About this task:
This exercise asks for an exact copy of every entry below, with pictures omitted.

Data supplied:
════════════════════

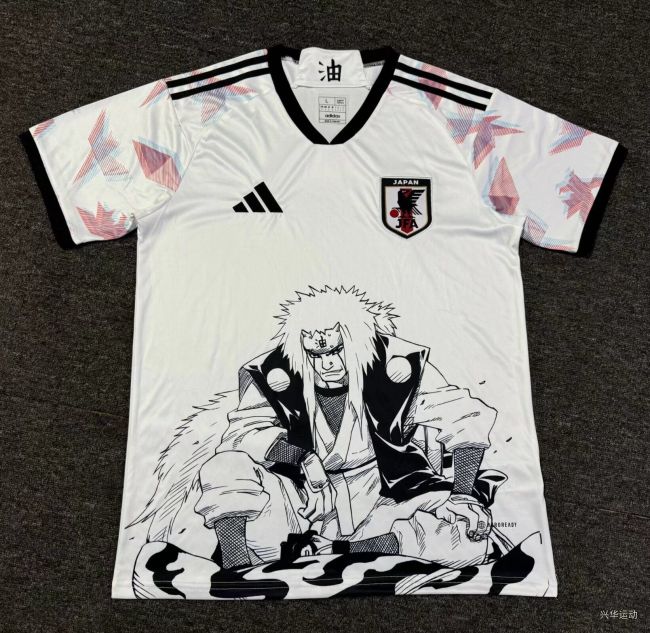 Fan Version Japan 2024 White/Black Comic Soccer Jersey Football Shirt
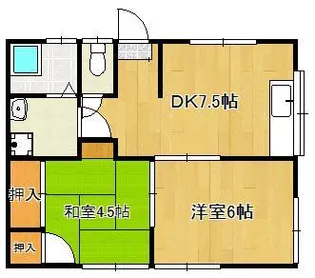 椋枝ハイツ【1階】の間取り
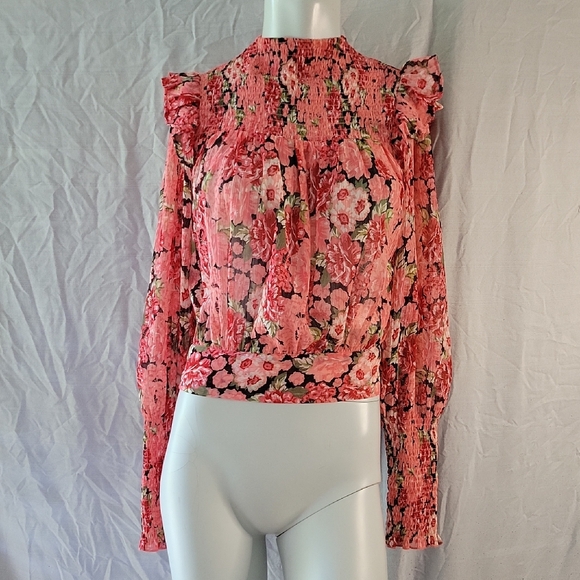 Bardot Tops - Bardot Pink Floral Smocked Blouse Bishop Sleeve Tie Waist Boho Festival Top XS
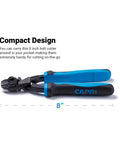 8 Inch Mini Bolt Cutter With Double Heat Treated CrMo Blades, ergonomic grips, blue and black, compact design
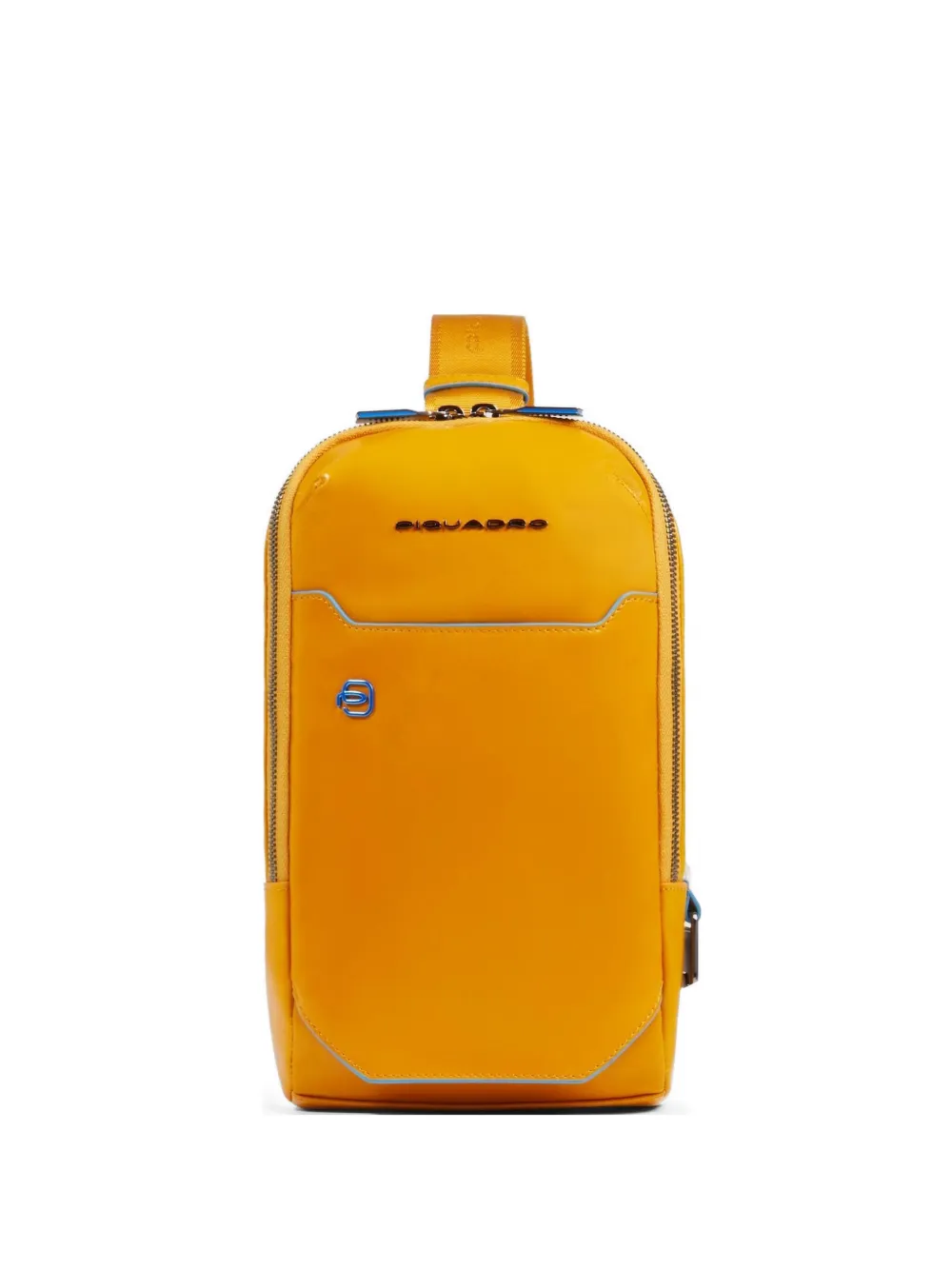 PIQUADRO logo-detail leather crossbody bag - Arancione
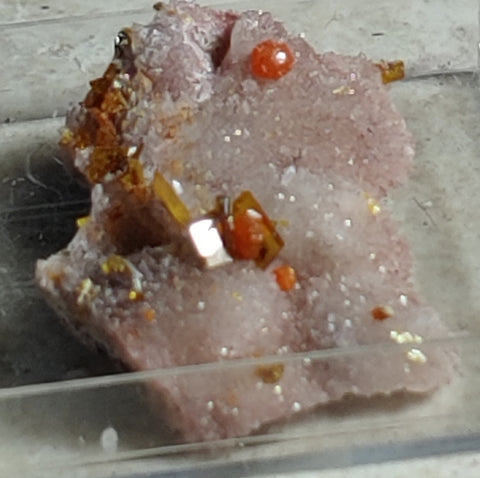 Wulfenite and Mimetite from Rowley Mine, Arizona. 2.5 cm #4030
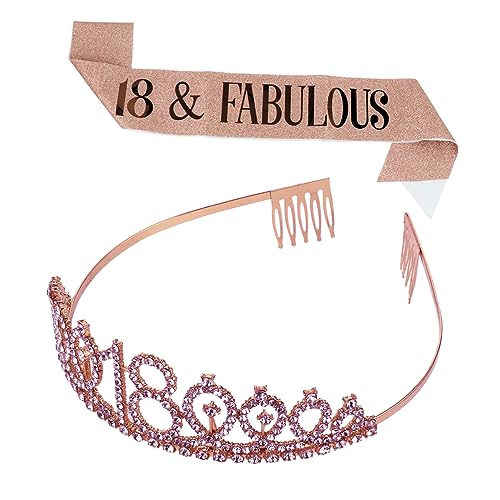 BATHVEVE 1 Satz 2 Stück Krone Zeremonieller Gürtel Silber Partyetikettengürtel Schärpe Zum 18. Geburtstag Partydekorationen Tiara Für Frauen Etikette-gürtel Zum Geburtstag Und Stoff von BATHVEVE
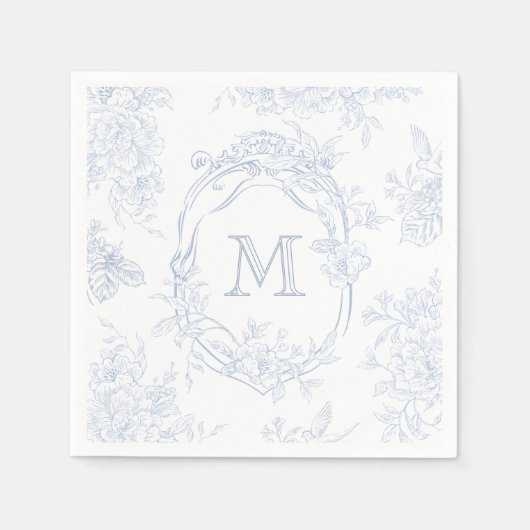 Monogram Initiaal Bloemen Blauw Toile Bruid Servet (Voorkant)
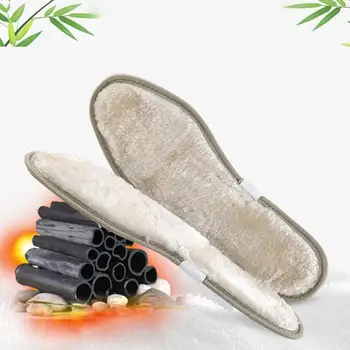 

2Pcs Women Men Autumn Winter Plush Warm Bamboo Charcoal Insoles Deodorant Pads winter warm breathable insole pad foot care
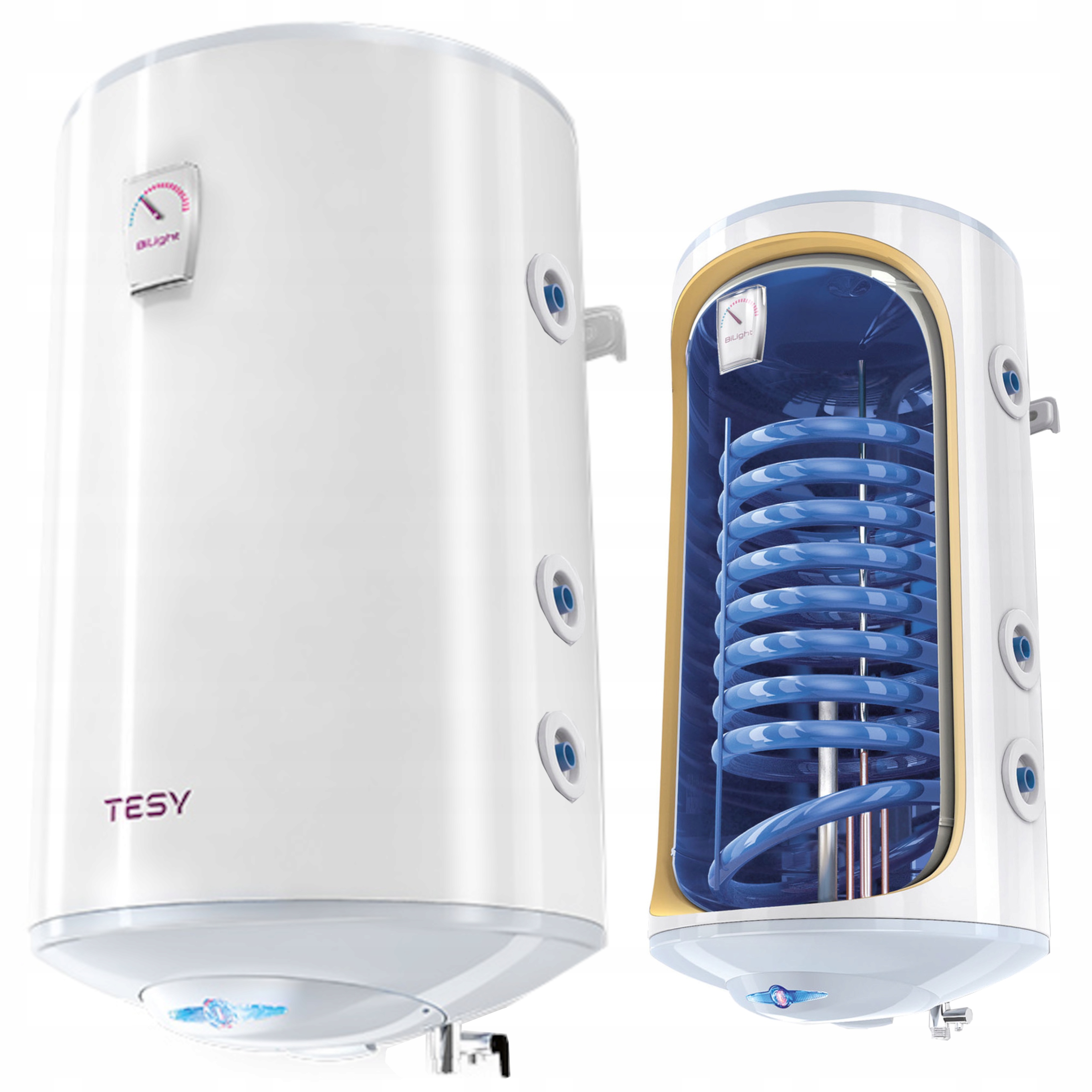 ELEKTRYCZNY PODGRZEWACZ WODY BOJLER WISZĄCY WĘŻOWNICA 150L ANODA ZAWÓR TESY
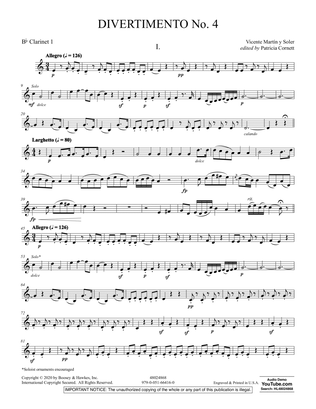 Divertimento No. 4 (ed. Patricia Cornett) - Bb Clarinet 1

════════════════════

Answer to the exercise:
 Fan Version Japan 2024 White/Black Comic Soccer Jersey Football Shirt
 椋枝ハイツ【1階】の間取り
 Bardot Tops - Bardot Pink Floral Smocked Blouse Bishop Sleeve Tie Waist Boho Festival Top XS
 8 Inch Mini Bolt Cutter With Double Heat Treated CrMo Blades, ergonomic grips, blue and black, compact design
 PIQUADRO logo-detail leather crossbody bag - Arancione
 Wulfenite and Mimetite from Rowley Mine, Arizona. 2.5 cm #4030
 BATHVEVE 1 Satz 2 Stück Krone Zeremonieller Gürtel Silber Partyetikettengürtel Schärpe Zum 18. Geburtstag Partydekorationen Tiara Für Frauen Etikette-gürtel Zum Geburtstag Und Stoff von BATHVEVE
 Monogram Initiaal Bloemen Blauw Toile Bruid Servet (Voorkant)

2Pcs Women Men Autumn Winter Plush Warm Bamboo Charcoal Insoles Deodorant Pads winter warm breathable insole pad foot care
 ELEKTRYCZNY PODGRZEWACZ WODY BOJLER WISZĄCY WĘŻOWNICA 150L ANODA ZAWÓR TESY
 Divertimento No. 4 (ed. Patricia Cornett) - Bb Clarinet 1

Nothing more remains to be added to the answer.